No. It’s designed as a single-machine deployment. For distributed multi-instance scenarios, look at OpenClaw.
What’s the container overhead?
Each message spawns a Docker container, which adds latency. For interactive chat, it’s acceptable. For high-throughput scenarios, it could be a bottleneck. We don’t have official benchmarks yet.
Can I contribute to NanoClaw?
Yes. It’s MIT licensed on GitHub.
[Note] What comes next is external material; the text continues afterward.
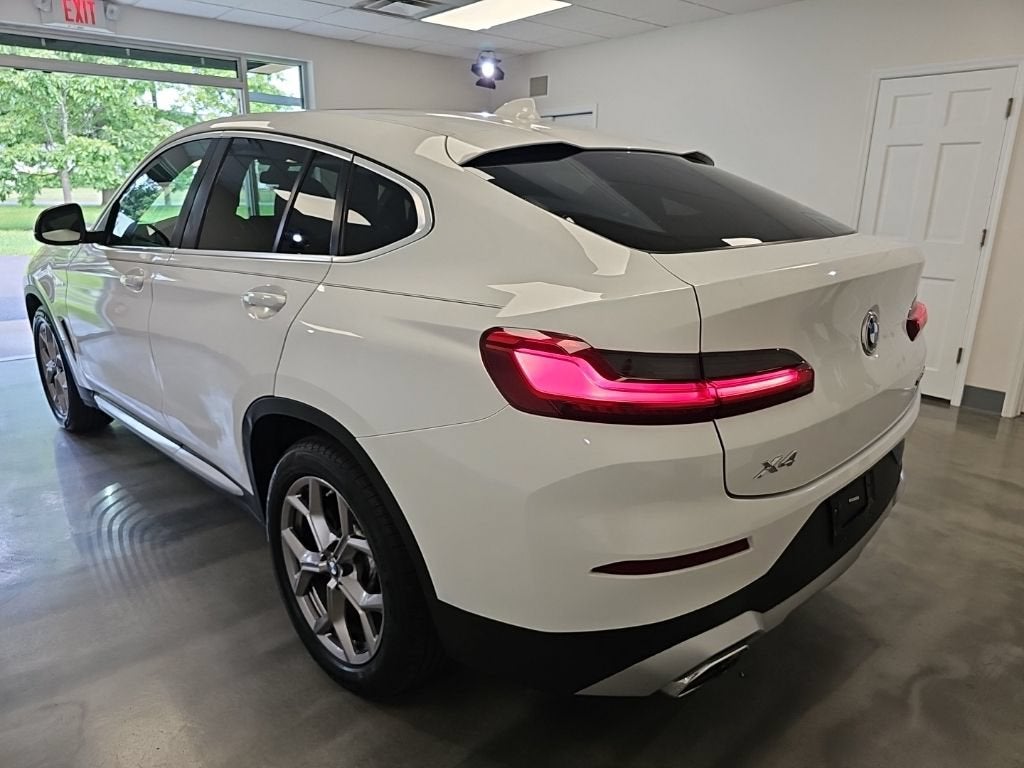 2022 BMW X4 xDrive30i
Community contributions and forks are encouraged.
## Pricing
- MIT License
- Unlimited agents
- Full source access
- Pay only Claude API costs
Last verified: 2026-03-02.
## The Good and the Not-So-Good
+ Strengths
- OS-level container isolation (Docker/Apple Container) — agents can't touch host filesystem
- 4,000 lines of readable TypeScript vs. 434,000+ in alternatives
- Agent Swarms native support via Claude Agent SDK
- Per-group isolation with separate context files and sandboxes
- Single Node.js process architecture — straightforward debugging
- MIT open source — fork it, modify it, own your deployment
- Strong early community traction — thousands of GitHub stars within first weeks
− Weaknesses
- Container spawn overhead adds latency to each message
- Designed for single machine deployment — no horizontal scaling
- Very new (launched Jan 31, 2026) — rough edges expected
- Claude-native runtime — no built-in multi-LLM orchestration (agents can call external APIs via MCP tools, but that's opt-in, not native support)
- Requires understanding of Node.js, Docker, and agent concepts
## Security & Privacy
## Who It's For
Best for: Individual developers, startup teams, and founders building agent-driven workflows who prioritize security, code transparency, and Claude-native integration. Perfect for content pipelines, research automation, and internal tooling.
Not ideal for: Enterprise teams needing multi-tenant deployments, developers wanting multi-LLM support, or anyone unfamiliar with Docker and Node.js infrastructure.